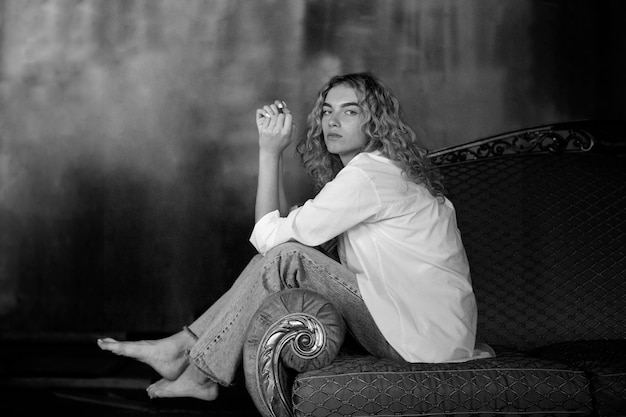 Retrato en blanco y negro de una mujer hermosa posando en el interior de un sofá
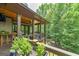 Upstairs porch showcases seating and wooded scenery with planter in the foreground at 177 Selfridge Rd, Mcdonough, GA 30252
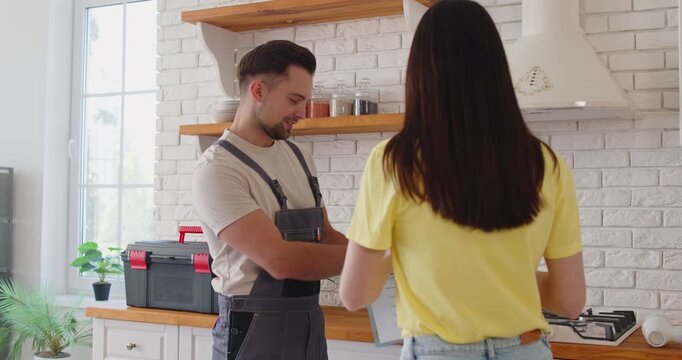 Smiling handyman in uniform shaking hands with woman client in kitchen after repair service. Young woman thanking professional repairman, technician or plumber after completing home maintenance.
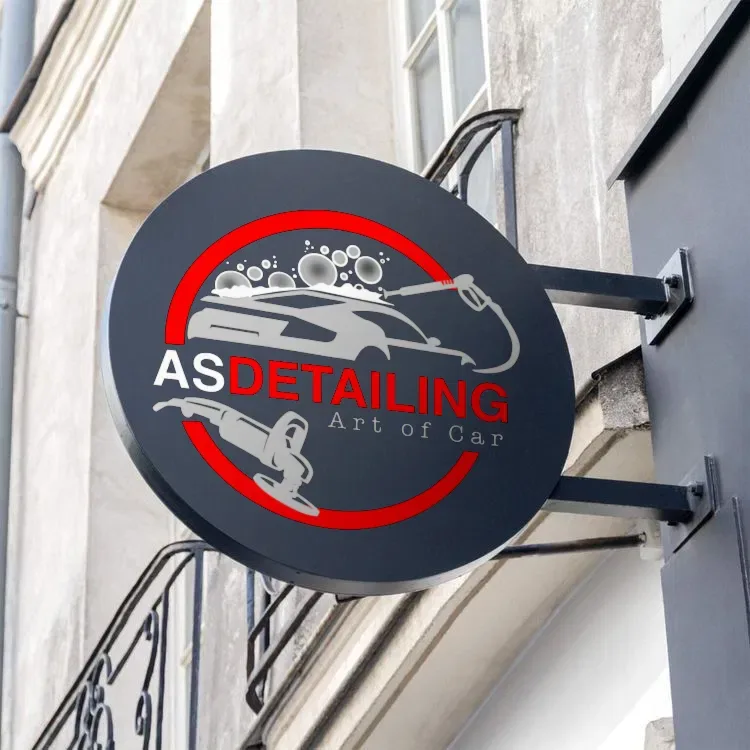 The AS Detailing badge on a round hanging sign on a building facade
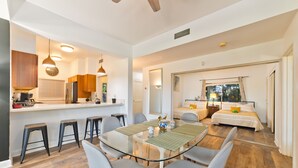 Una cocina moderna con comedor, un dormitorio con ventana grande y una sala de estar con sofá y mesa de centro.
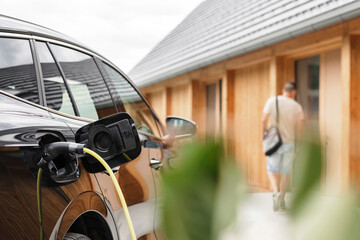 Young man plugging a charger in electric car at modern house home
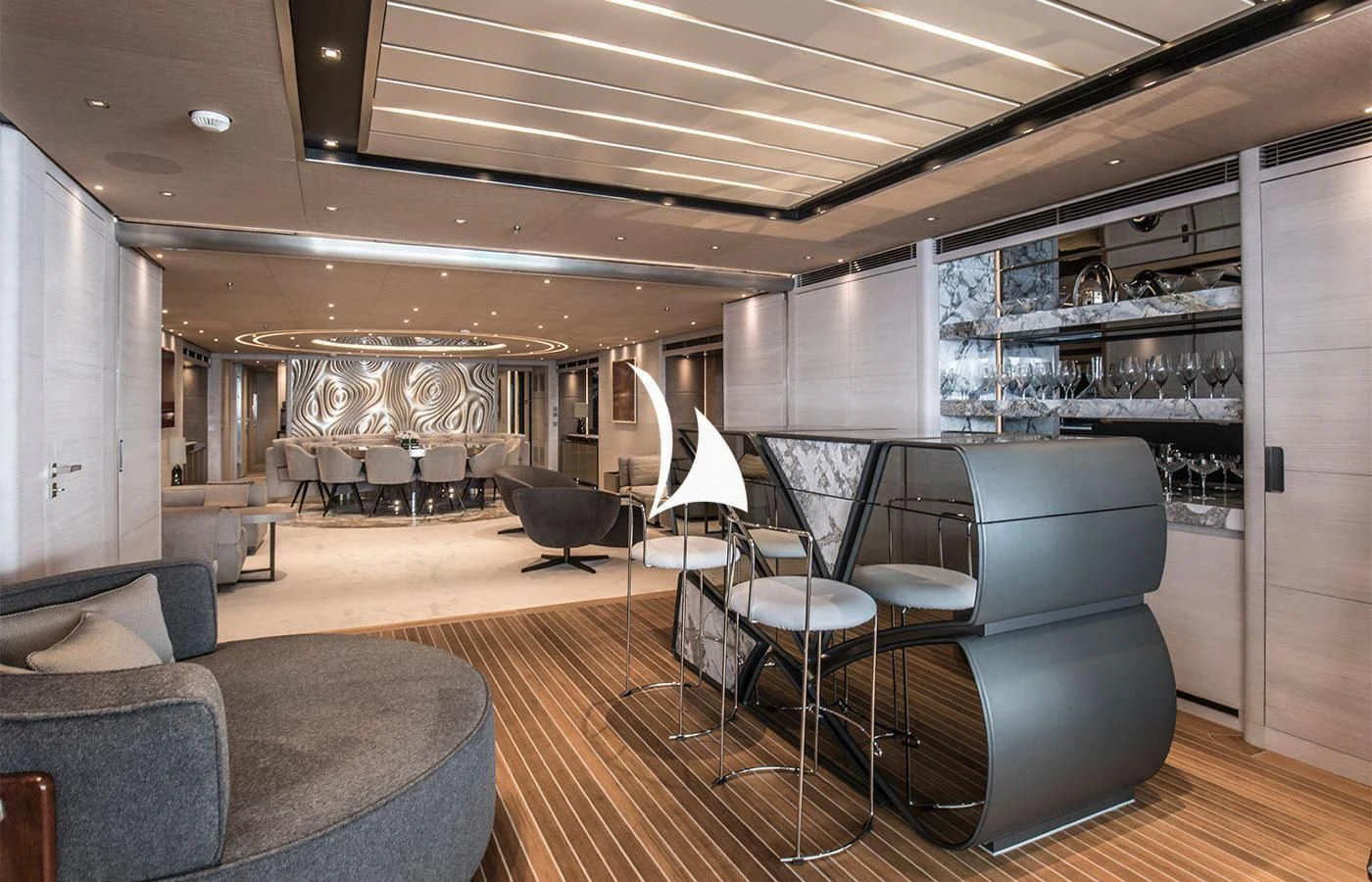 a room with a couch and chairs aboard SEVERIN°S Yacht for Charter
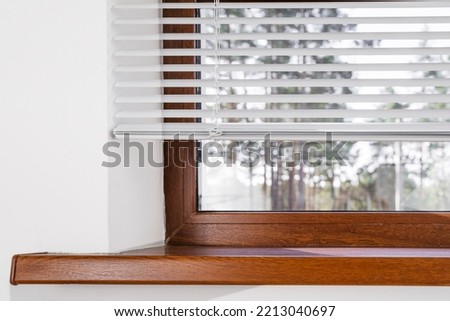 Blinds horizontal and Window with window sill.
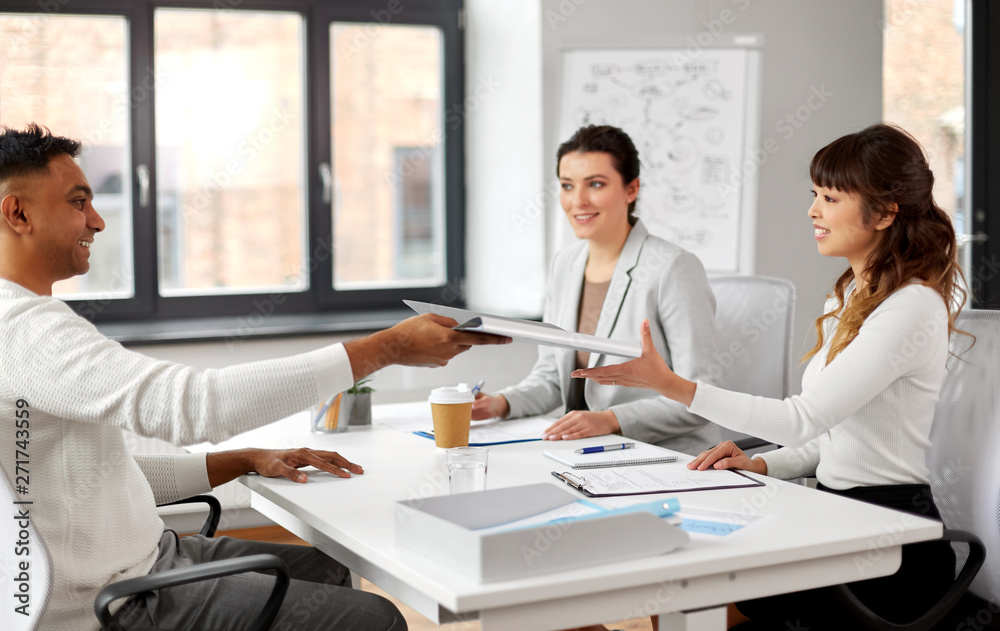 Fototapeta premium new job, hiring and employment concept - international team of recruiters having interview with indian male employee at office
————
* **Try it**
Set down word for word every line from the one containing "Upstairs porch showcases" through the last line of the records above, both ends included. Leave out the pictures.

* **Exercise result**
 Upstairs porch showcases seating and wooded scenery with planter in the foreground at 177 Selfridge Rd, Mcdonough, GA 30252
 Smiling handyman in uniform shaking hands with woman client in kitchen after repair service. Young woman thanking professional repairman, technician or plumber after completing home maintenance.
 The AS Detailing badge on a round hanging sign on a building facade
 Una cocina moderna con comedor, un dormitorio con ventana grande y una sala de estar con sofá y mesa de centro.
 Young man plugging a charger in electric car at modern house home
 a room with a couch and chairs aboard SEVERIN°S Yacht for Charter
 Blinds horizontal and Window with window sill.
 Fototapeta premium new job, hiring and employment concept - international team of recruiters having interview with indian male employee at office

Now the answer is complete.